[Data excerpt — start]
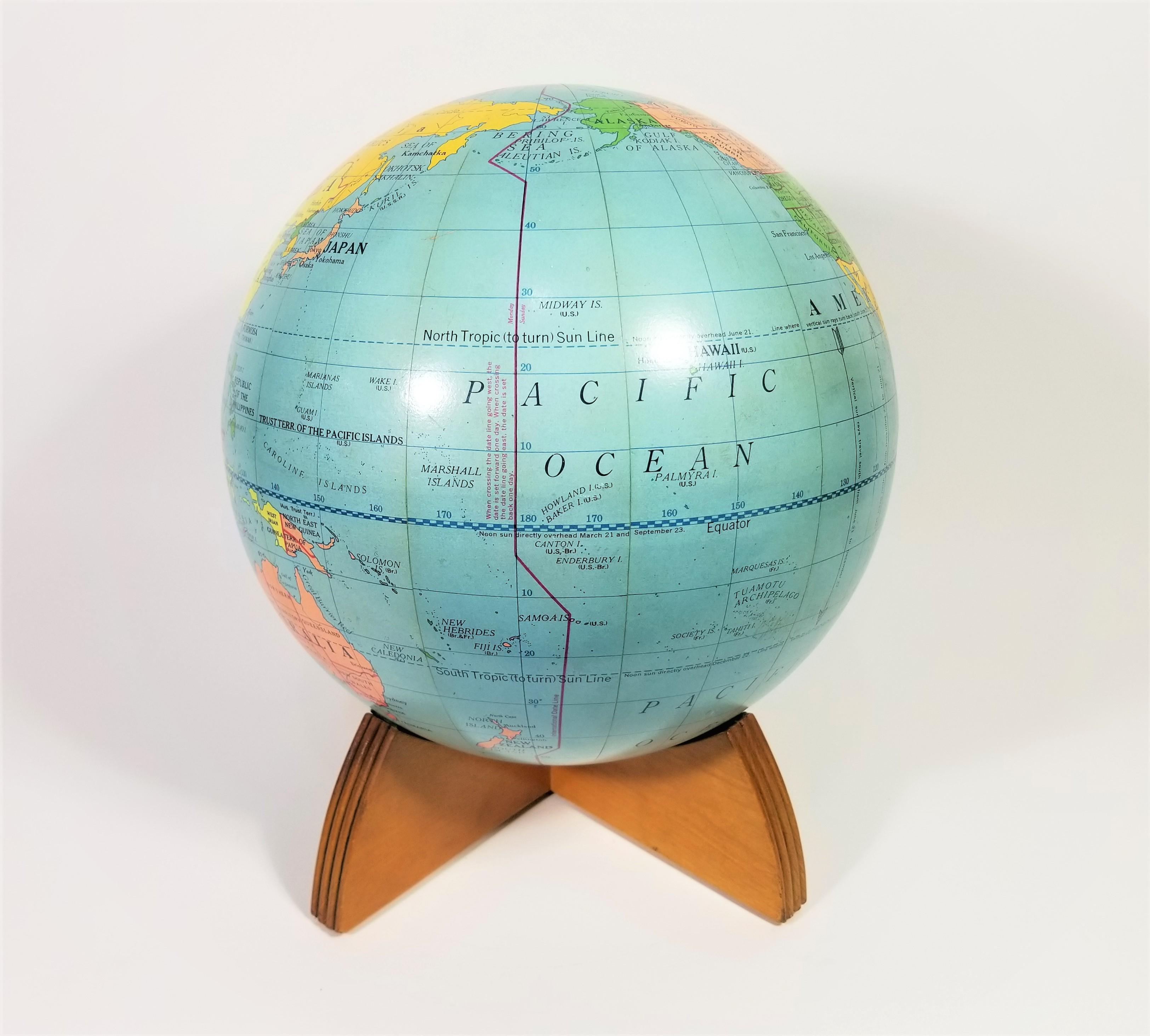 Wood Nystrom Globe Mid Century 1960s For Sale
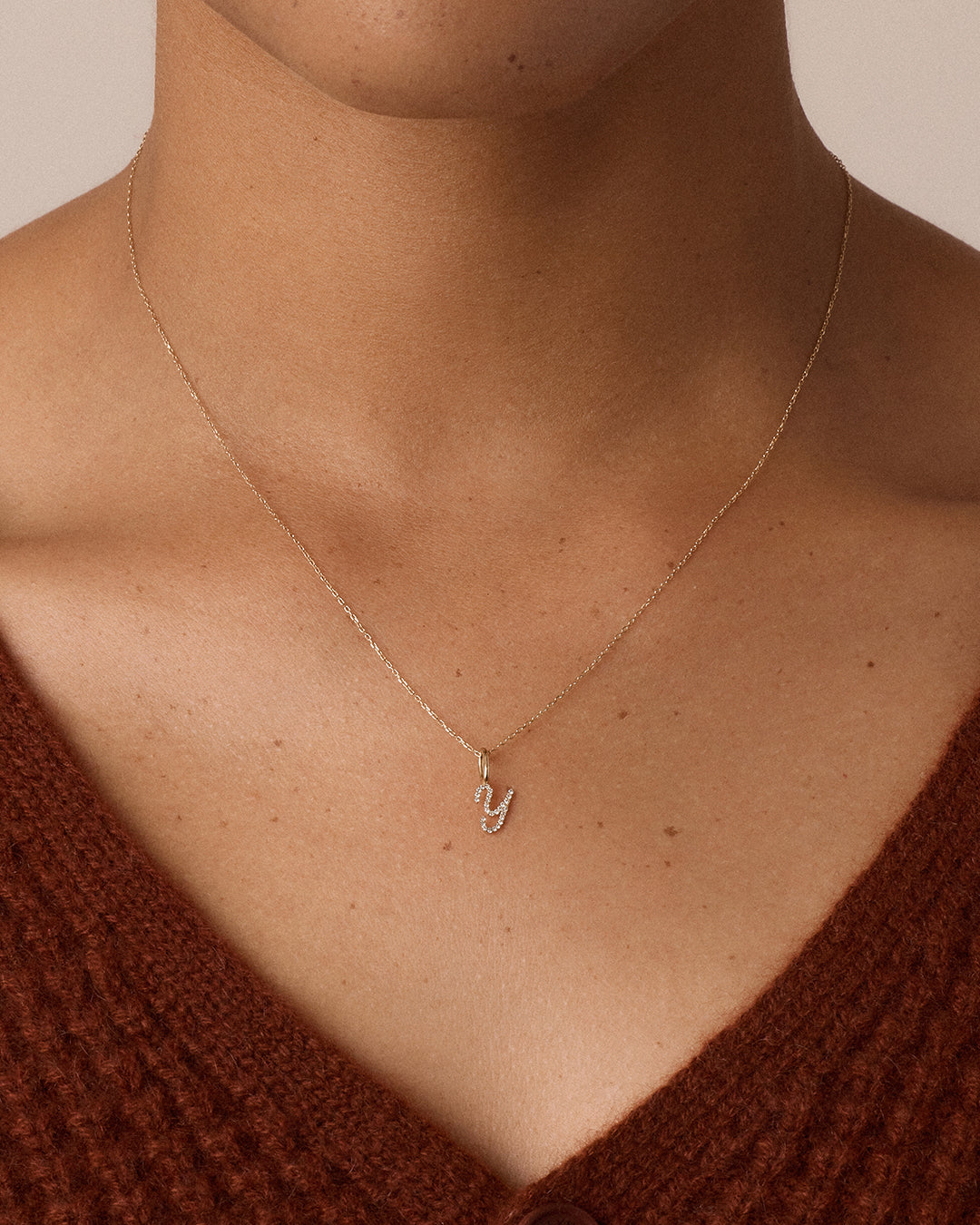 14K Diamond Script Alphabet Charm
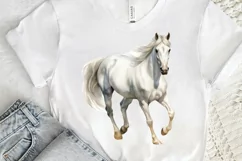Beautiful White Horse Watercolo PNG Clipart Product Image 3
[Data excerpt — finish]
*Your task*
Leave every image out when you return the material above word for word.

*Exercise output*
 Wood Nystrom Globe Mid Century 1960s For Sale
 14K Diamond Script Alphabet Charm
Beautiful White Horse Watercolo PNG Clipart Product Image 3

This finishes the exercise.